Property values climbed sharply alongside the population growth. Maina believes the one-acre home he bought for Sh3.2 million could now sell for around Sh70 million.

Wangethi Mwangi recalls an earlier Kileleshwa too. In 1994, he bought a three-bedroom bungalow on a three-quarter-acre plot from Nation Printing and Publishing Limited, now Nation Media Group, for Sh3.5 million, a price affected by a lease registered in 1902 that was nearing expiry.

He later redeveloped the property into a high-rise apartment complex, watching the roads expand and congestion build around him over the years.

Another long-time resident, who asked not to be named, moved to Kileleshwa in 1978, when standalone homes on plots of three-quarters to one acre dominated and there was no shopping centre nearby. Seeing a gap, he developed one of the area's earliest commercial centres in 1997.

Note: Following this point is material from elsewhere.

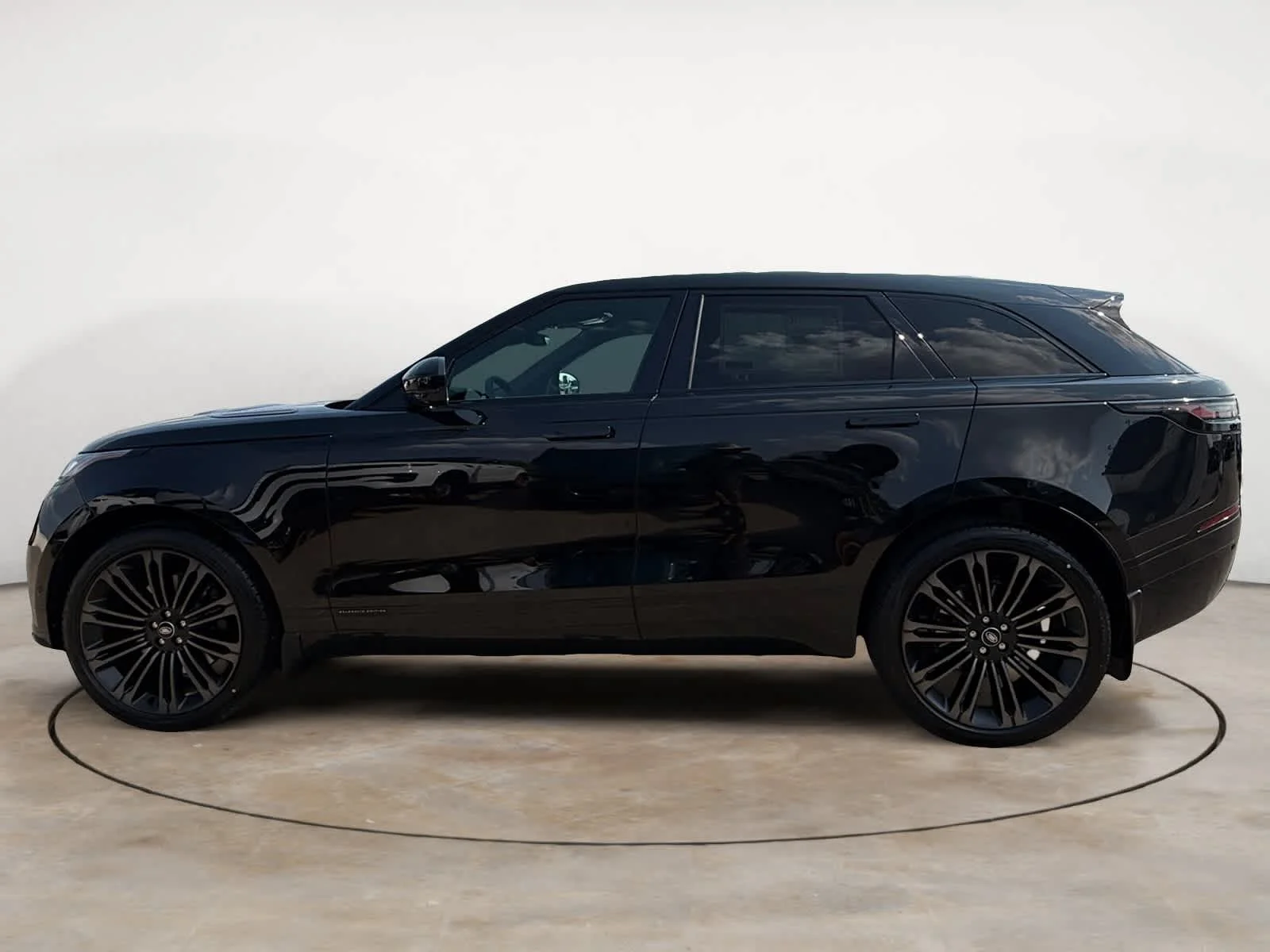 New 2026  Land Rover  image 2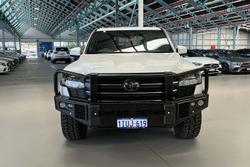 2023 Toyota Landcruiser GXL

He places the start of Kileleshwa's rapid transformation around 2005, when zoning by-laws changed and opened the area to high-rise construction. He describes the growth as largely positive, pointing to better roads, lighting and security, though he flags water shortages as the biggest ongoing problem.

The suburb today is a mix of long-term rentals and Airbnb-style short stays, with fully furnished units marketed on amenities like rooftop pools and concierge services. According to the Kenya Property Centre, average monthly rent in Kileleshwa in 2026 runs around Sh120,000, with one-bedroom units ranging from Sh40,000 to Sh79,000 and high-end three-bedroom apartments exceeding Sh150,000.